Bay Area governments could be required to demolish neighborhoods and take other measures to create shoreline buffer areas to allow the Bay to adapt to 14 inches of anticipated sea level rise over 50 years.
A state task force on Friday issued interim sea level rise projections that will guide planning efforts for all California agencies, including the Bay Conservation and Development Commission (BCDC), which governs construction and habitat management in the Bay and within 100 feet of its highest tides.
The Bay’s depth is influenced by seawater that spills into the waterway through the Golden Gate. As the Pacific Ocean rises due to climate change, Bay tides will rise and spread outwards to engulf land that currently remains generally dry.

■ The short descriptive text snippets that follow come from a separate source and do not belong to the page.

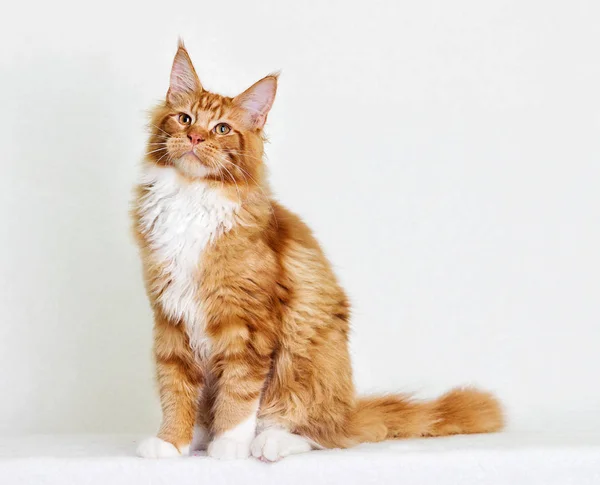 Maine Coon Kočka Bílém Pozadí — Stock fotografie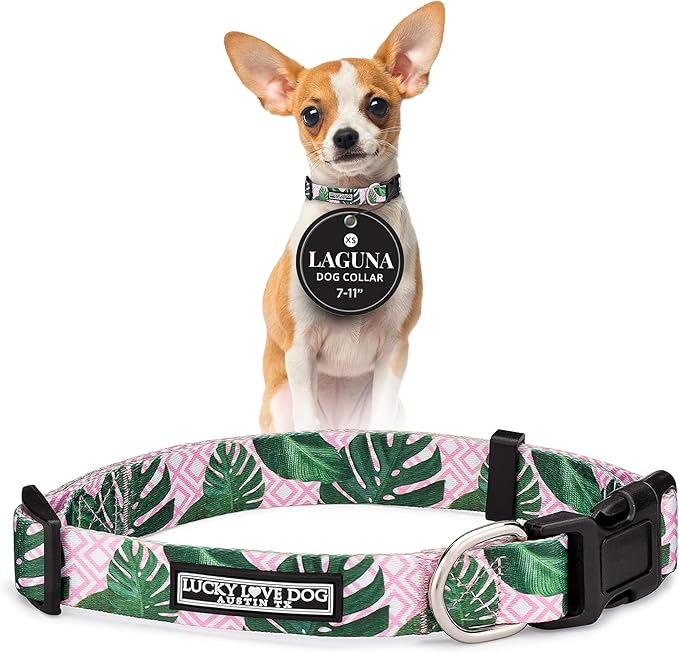 Lucky Love Dog - Adjustable Dog Collar with Easy Click Buckle for Small to Large Ones, Durable, & Comfortable for Male & Female Dogs, Pet Collar for Puppies & Adult Dogs - Laguna, XS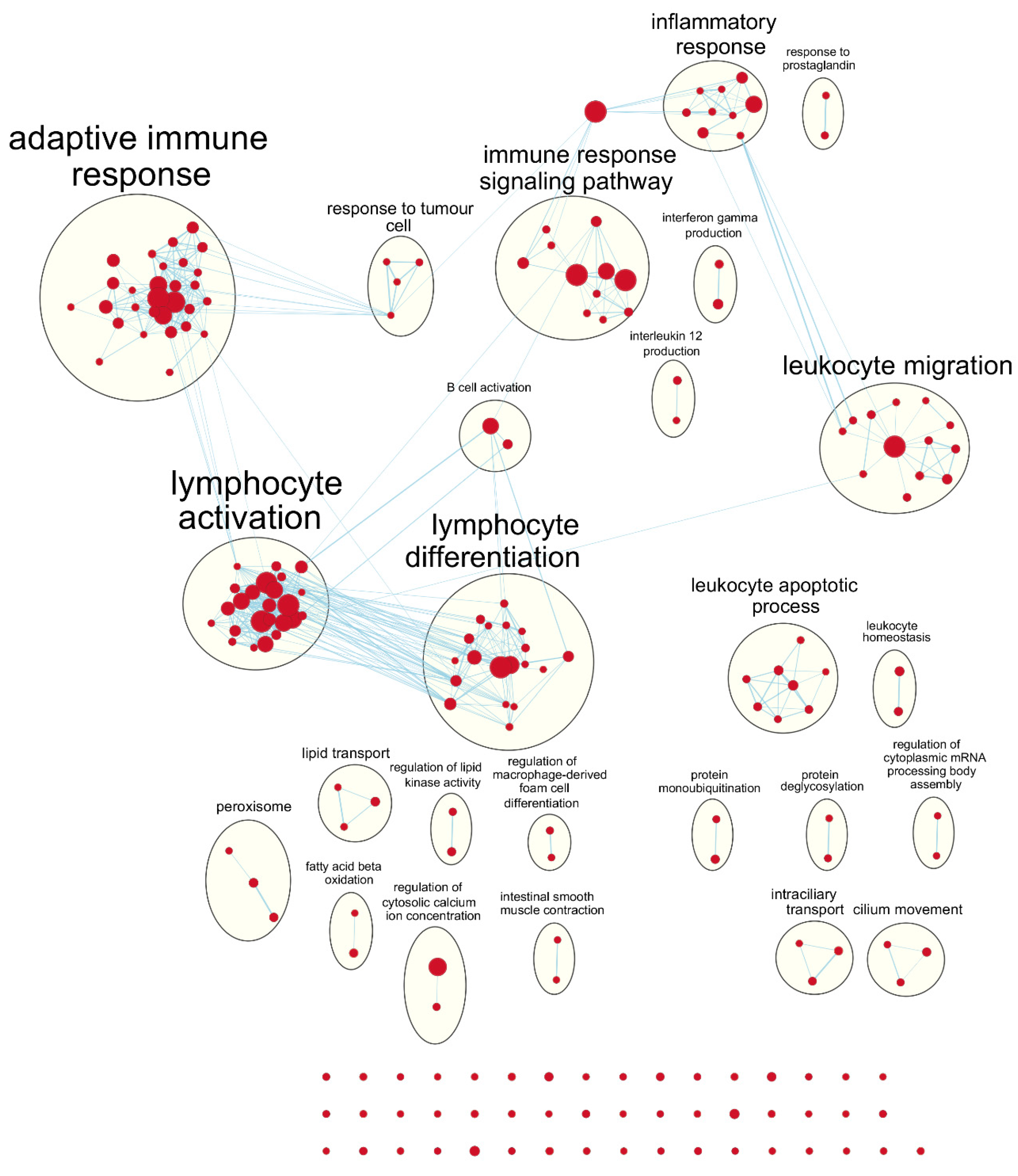 Cancers 12 01076 g005 Cancers 12 01076 g005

Under the draft projections, California officials will prepare for a 14-inch sea level rise between 2000 and 2050. They will prepare for an additional 26-inch to 41-inch rise from 2050 to 2100.
The Bay rose eight inches over the past century, BCDC figures show.
Such severe projected rises could lead to widespread flooding in the Bay Area. They might be underestimates because they don’t account for potential “catastrophic ice melting,” the task force warned.
Under a long-running project, BCDC is proposing new rules and guidelines about building and other activities near the Bay, including a new finding that “landward marsh migration” may be necessary as sea levels rise.
“Appropriate buffers” around the Bay will need to be created or left undeveloped to enable marshes to migrate upwards, under proposed climate change-related amendments to the 42-year-old Bay Plan, which governs BCDC’s work.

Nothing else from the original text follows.